Time for more photos. Most were taken by me in New York and Massachusetts, but my friend Ann took the one of her granddaughter contemplating Abe Lincoln.
What would either Abe or Gracie think if they understood all that was going on in Washington today?
In the next photo, one of my own granddaughters and her friend enjoy candy canes and conversation after performing in a “Nutcracker” put on by their ballet school.
Then we have a book “sculpture” put together to measure donations to the library fund for its ambitious addition. The pile of books increases as the donations increase. I took a close-up of a giant replica of a local author’s bestseller.
Two snow pictures are next, followed by one of a squirrel I saw yesterday posing on a lion sculpture.
The decorated windows are at the Umbrella Arts Center, where I went to see a musical version of Tuck Everlasting before Christmas. The building was once a school. A magnificent makeover was completed just this year and includes a state-of-the-art theater, artist studios, rooms for pottery and classes of all kinds, and a new maker space.

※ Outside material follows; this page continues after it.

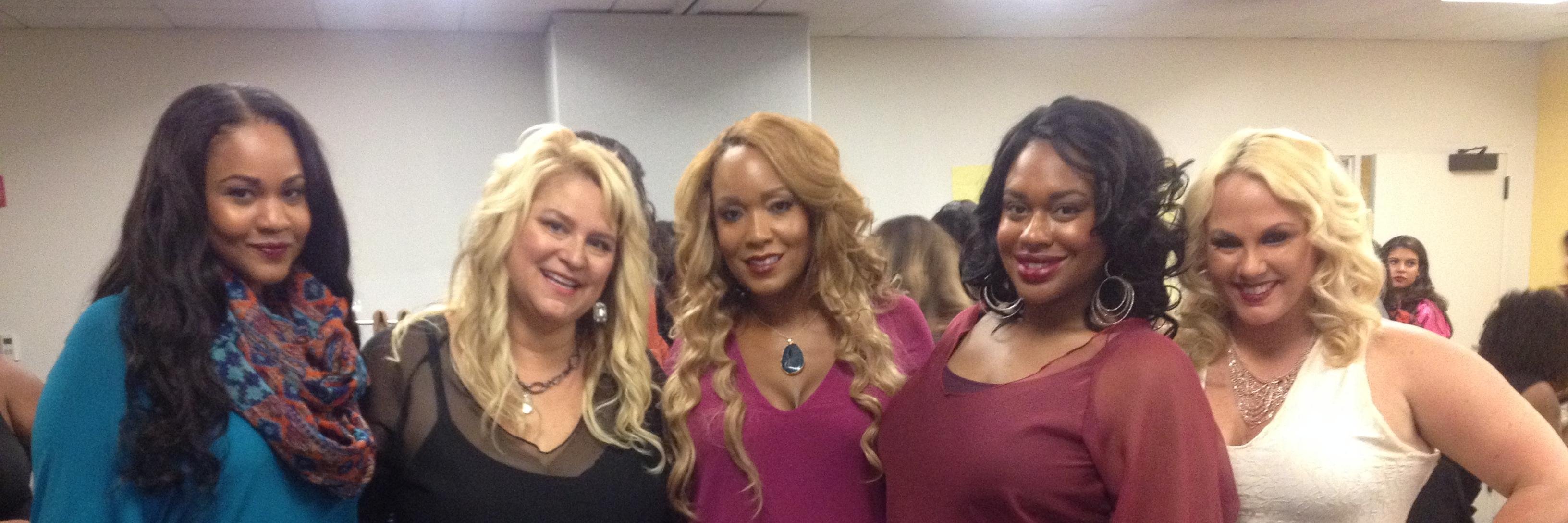 CurvyDesigner's profile banner image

Next we move on to New York, where I spent two nights after Christmas. At the top of this post is one of the many delightful Central Park playgrounds with wild animals to climb on. Alice in Wonderland mosaics are in the subway at 50th Street, and giant toy soldiers grace midtown for the holidays.

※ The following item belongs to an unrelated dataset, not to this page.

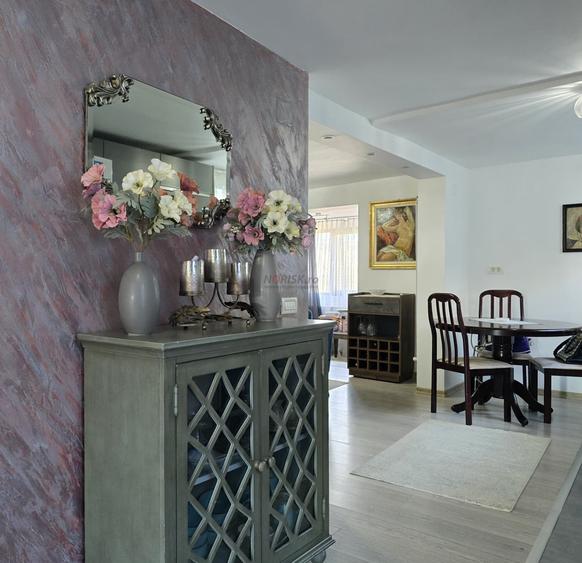 2 case + spațiu comercial | 6 dormitoare - băi proprii | 685 MP Teren - 8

At the Museum of Modern Art (MoMA), beautifully redesigned, I saw this Horace Pippin painting of Lincoln pardoning a sentry condemned for falling asleep on the job. I had received a text the day before from my daughter-in-law saying that she had just been learning about Pippin from my six-year-old granddaughter, thanks to A Splash of Red, a wonderful children’s book. So I texted the painting to them.
There follows one of Edward Hopper’s most famous lonely paintings — this one of a gas station in the middle of nowhere — and Edward Weston‘s “Hot Coffee, Mojave Desert, 1937.” Also from MoMA, a delightful cat by Morris Hirshfield (thanks, Paul, for identifying the artist).
The next day, I visited the Neue Galerie, which I adored. That museum, housed in a beautiful mansion, focuses on early 20th century German and Austrian art and design. I saw Gustav Klimt’s “Adele Bloch-Bauer” in gold and silver, lovely works by Egon Schiele, and a special exhibit of works by the tragic Ernst Ludwig Kirchner.
Unfortunately, they don’t let you take pictures there, so I shot brochures!